Cabeza gacha y un con 5 raspón, todos abandonaban el despacho. Huelga decir que nadie le replicó jamás.
Aun teniendo su punto avergonzante, no llega a ser para cortarse las venas que un arquitecto, un ingeniero o un informático no sepan escribir en riguroso castellano. Lo que a mí personalmente me flipa, es encontrarme con gente que se hace llamar “escritor” (yo desde luego no me atrevo) y que no es capaz de redactar correctamente su propio nombre. Vale, la mayoría no os habréis fijado en eso, pero es que yo, de los ciento y largos contactos que tengo en Facebook, la mitad más o menos se vienen dedicando a esto de juntar letras, así que es habitual que de hilo en hilo, de conversación en conversación, me cruce con personajes que se definen como “escritor/a” y que firman como —léase fonéticamente— “Ívan Rodriguéz”, “Luís Gárcia”, “Angél Peréz”, “Jésus Míllan”… Cuidado, que también me he encontrado con a algún que otro so-called “agente literario” que ignoraba la existencia de las tildes y que tampoco sabía que a las comas y a los puntos les sigue un espacio antes de la siguiente palabra (imaginaos el aura de profesionalidad que proyecta un individuo con tamaña destreza cuando te comunica, mediante una redacción merecedora de la más atroz corrida a gorrazos, que se dispone a evaluar tus escritos).

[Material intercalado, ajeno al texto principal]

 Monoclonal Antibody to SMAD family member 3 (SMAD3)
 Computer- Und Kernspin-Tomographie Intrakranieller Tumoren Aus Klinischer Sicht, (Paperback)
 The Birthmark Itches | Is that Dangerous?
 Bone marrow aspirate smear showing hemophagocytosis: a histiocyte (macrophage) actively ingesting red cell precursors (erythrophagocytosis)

Que soy un intolerante, un fanático, un talibán y un extremista sin alma ni conciencia… Sí, ya os lo he dicho. Que si sois camareros, contables o taxistas os lo paso, eso también lo he subrayado. Pero que si vais por la vida de “escritores”, por Dios o por el Demonio —el que mejor os caiga, lo mismo me da—, por favor, tratad de escribir correctamente. Aunque sólo sean vuestros nombres. Si a mí, lo que es vosotros, me da igual. Es por vergüenza ajena.
Tenemos ganas de marcha, ¿eh, compañero? Pues bastante, sí, bastante de acuerdo. Es verdad que los nombres tienen su propia ortografía y que a veces no responden a lo que uno espera. Pero no es menos cierto que hay mucha dejadez. En ocasiones me he visto colgando la nota de prensa de una antología o de una lista de finalistas de un concurso y no sabes si la ausencia arbitraria de tildes se debe a que todos tienen apellidos y nombres raros o a que la ortografía empieza a ser cosa de otros dominios y no del literario.

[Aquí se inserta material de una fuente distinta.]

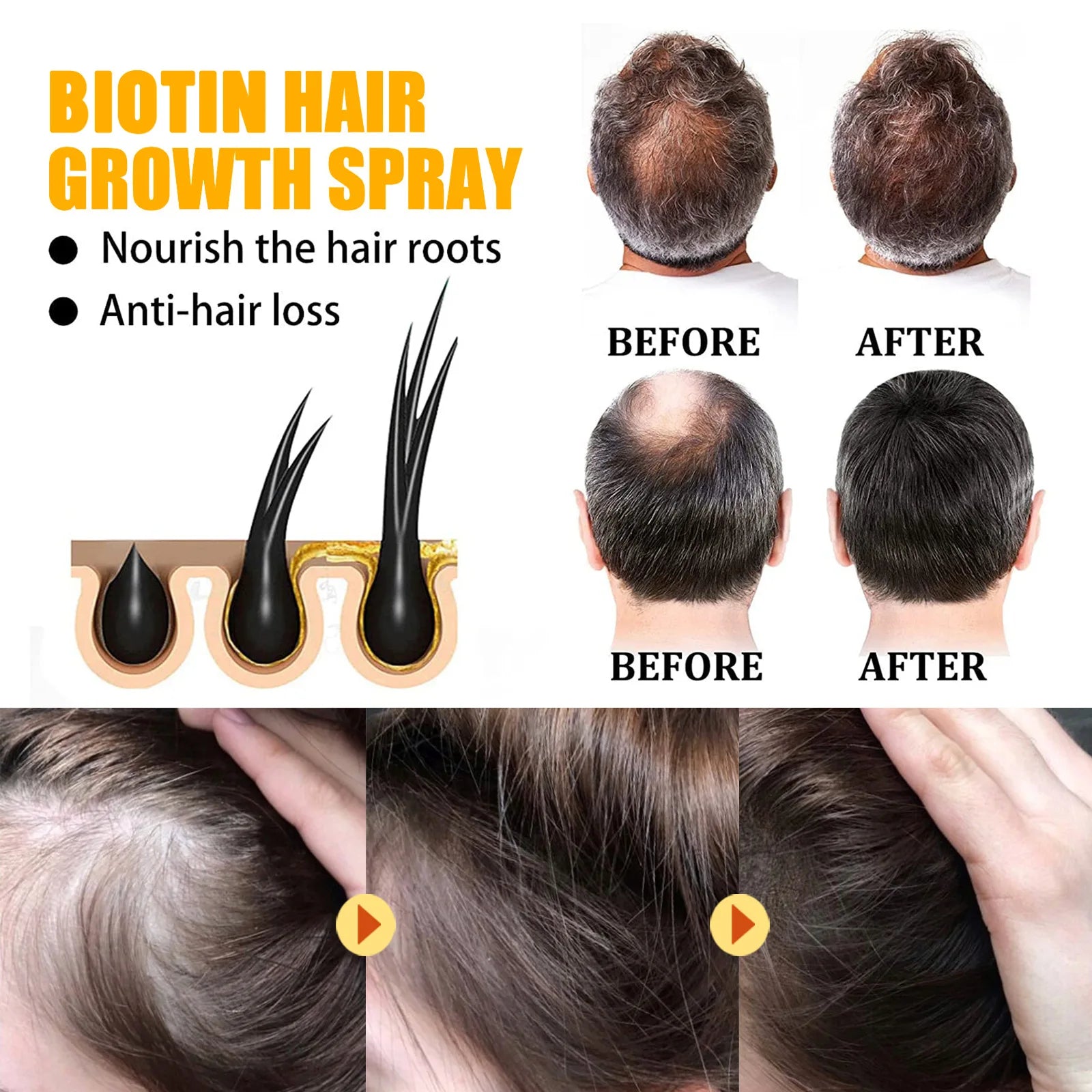 EELHOE Biotin Hair Spray For Man Women 30ml Hair Growth Repair Damage Restore Oil Scalp Repair Serum Spray Thicken Hair Care Oasis Select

Un colega -ingeniero- me dijo una vez, cuando supo que me dedicaba a escribir, que escribiera bien siempre. Emails, apuntes, lo que fuera. Así practicaría e interiorizaría los gestos. Tenía más razón que un santo. Que sí, que a todos se nos va la mano en un momento u otro, sobre todo cuando hay prisas, bebés en los regazos o demasiadas cervezas en el cuerpo, pero, al menos, deberíamos hacer el esfuerzo.
Parte de la sabiduría consiste en saber ignorar algunas cosas.